### Task objective
All of the data below should be printed again word for word, pictures excluded.

### Data
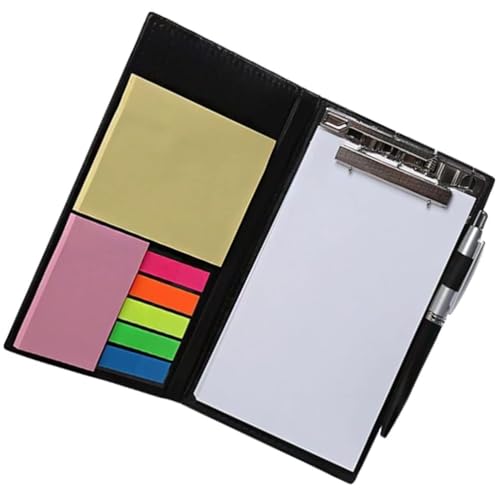 Image of Levin Memo Pad with Sticky Notes & Clip Holder with Pen for Gifting| Note Pad for School, Home, and Office Supplies (11.2X19.2CM)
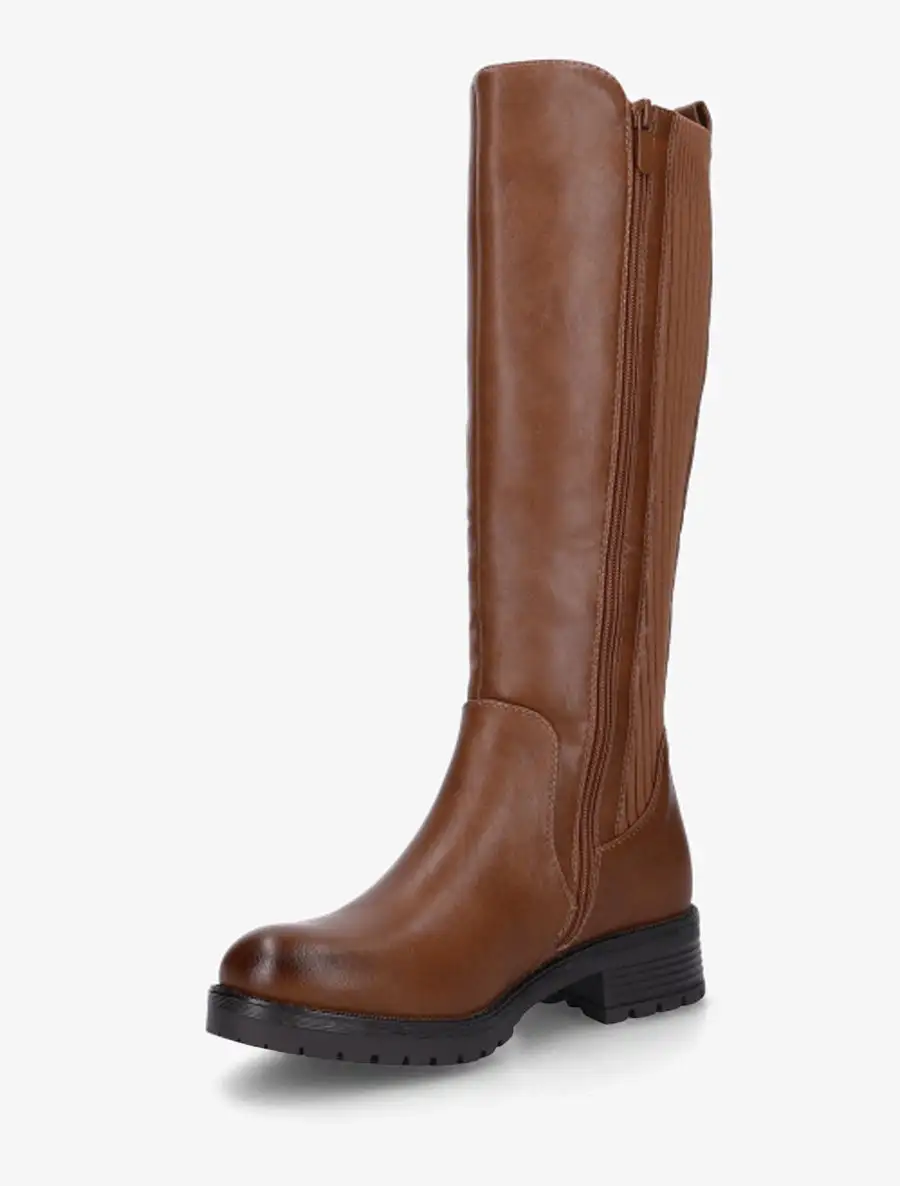 Tailored Stretch Panel Block Heel Faux Leather Knee High Boots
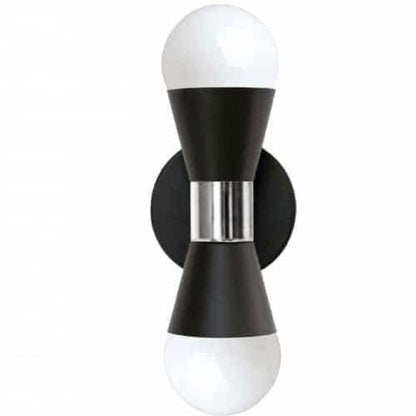 Dainolite Fortuna 2 Light Wall Sconce Matte Black & Polished Chrome Lamp|Applique murale Fortuna de Dainolite avec fini noir mat et chromé poli, et 2 ampoules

### Finished exercise
 Image of Levin Memo Pad with Sticky Notes & Clip Holder with Pen for Gifting| Note Pad for School, Home, and Office Supplies (11.2X19.2CM)
 Tailored Stretch Panel Block Heel Faux Leather Knee High Boots
 Dainolite Fortuna 2 Light Wall Sconce Matte Black & Polished Chrome Lamp|Applique murale Fortuna de Dainolite avec fini noir mat et chromé poli, et 2 ampoules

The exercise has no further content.